Дорога на райский остров
Шрифт:
Почему меня это так тревожит? Однако бояться нечего. Магнус здесь. Ждет дня, когда мы будем вместе.
Сегодня отца похоронили. С того дня, всего неделю назад, когда он умер, кажется, я прожила целую вечность.
Сразу после смерти отца мачеха впала в прострацию. Она по-настоящему заболела. Я никогда прежде не видела, как она плачет, но об отце она плакала. Наверное, она действительно любила его. Впрочем, она всегда вела себя так, словно любила его, но я никогда этому не верила. Мне она так не понравилась
Я думала, мачеха будет слишком больна, чтобы присутствовать на похоронах, однако она заставила себя встать, надела вдовий траур — совершенно черное платье. Ей это не идет. Она из тех женщин, кому нужны яркие цвета.
Казалось, траурный колокольный звон продолжался целую вечность. Катафалк, лошади с черными перьями, служители в строгих высоких шляпах и черных сюртуках, кортеж смерти… Все это усугубляло нашу потерю.
Почему людям обязательно надо так возвеличивать смерть? — спрашиваю себя я. Не лучше ли было бы тихо опустить отца в могилу?
Я стояла по одну сторону мачехи, Фредди — по другую, держа ее за руку. Мачеха слегка опиралась на меня, время от времени прикладывая платок к глазам.

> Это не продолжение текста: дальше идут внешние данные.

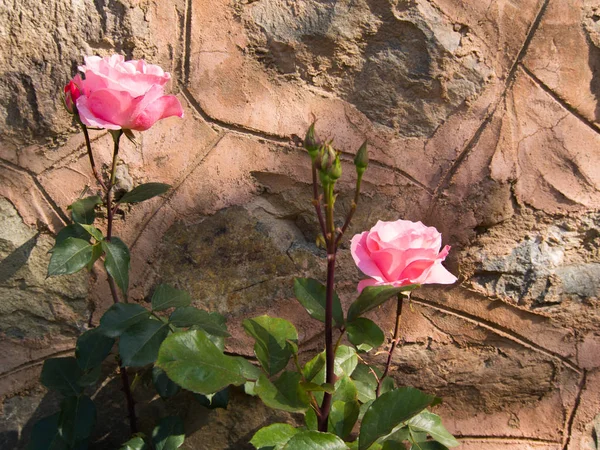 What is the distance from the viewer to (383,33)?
1404mm

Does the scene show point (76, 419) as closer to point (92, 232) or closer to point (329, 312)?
point (92, 232)

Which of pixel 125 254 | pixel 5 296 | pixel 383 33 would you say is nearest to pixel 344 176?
pixel 383 33

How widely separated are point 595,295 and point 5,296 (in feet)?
4.26

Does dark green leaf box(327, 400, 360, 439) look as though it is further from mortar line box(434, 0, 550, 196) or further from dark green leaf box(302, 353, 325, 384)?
mortar line box(434, 0, 550, 196)

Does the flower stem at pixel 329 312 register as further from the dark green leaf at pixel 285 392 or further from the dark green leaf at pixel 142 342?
the dark green leaf at pixel 142 342

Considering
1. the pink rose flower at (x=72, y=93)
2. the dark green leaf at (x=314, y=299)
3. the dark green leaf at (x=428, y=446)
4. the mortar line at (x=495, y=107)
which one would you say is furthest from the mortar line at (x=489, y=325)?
the pink rose flower at (x=72, y=93)

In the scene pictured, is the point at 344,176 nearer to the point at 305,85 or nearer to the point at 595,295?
the point at 305,85

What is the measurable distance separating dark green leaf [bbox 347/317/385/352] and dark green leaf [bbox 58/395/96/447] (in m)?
0.55

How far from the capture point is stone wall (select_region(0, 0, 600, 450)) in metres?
1.31

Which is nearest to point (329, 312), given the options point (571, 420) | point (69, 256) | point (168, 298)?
point (168, 298)

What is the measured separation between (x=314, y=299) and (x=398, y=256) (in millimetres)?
163

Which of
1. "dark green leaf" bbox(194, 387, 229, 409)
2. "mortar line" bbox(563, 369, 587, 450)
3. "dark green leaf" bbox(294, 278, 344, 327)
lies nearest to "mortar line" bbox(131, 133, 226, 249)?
"dark green leaf" bbox(194, 387, 229, 409)

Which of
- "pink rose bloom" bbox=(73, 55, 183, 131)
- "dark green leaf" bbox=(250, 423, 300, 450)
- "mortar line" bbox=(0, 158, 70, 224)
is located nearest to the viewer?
"dark green leaf" bbox=(250, 423, 300, 450)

Когда мы уезжали, поглазеть на нас собралась кучка деревенских жителей. Я услышала, как кто-то сказал:
— Бедняжка. Она была так счастлива с ним. Было просто приятно смотреть на них вместе. А теперь он ушел навеки.
Мачеха услышала эти слова и, казалось, задохнулась от наплыва чувств.
Служба в церкви была короткой, и я была этому рада.
Мы вышли из церкви вслед за гробом. Я слушала, как падают на гроб комья земли. Мачеха бросила на него букет астр. Схватила меня за руку и сжала ее.
А потом я подняла глаза. Чуть вдалеке от собравшихся вокруг могилы стоял Десмонд Фидерстоун.
Сердце мое учащенно забилось. Я вдруг ощутила страх. Взгляд его был прикован к лицу мачехи.
Когда мы отошли от могилы, Фидерстоун присоединился к нам.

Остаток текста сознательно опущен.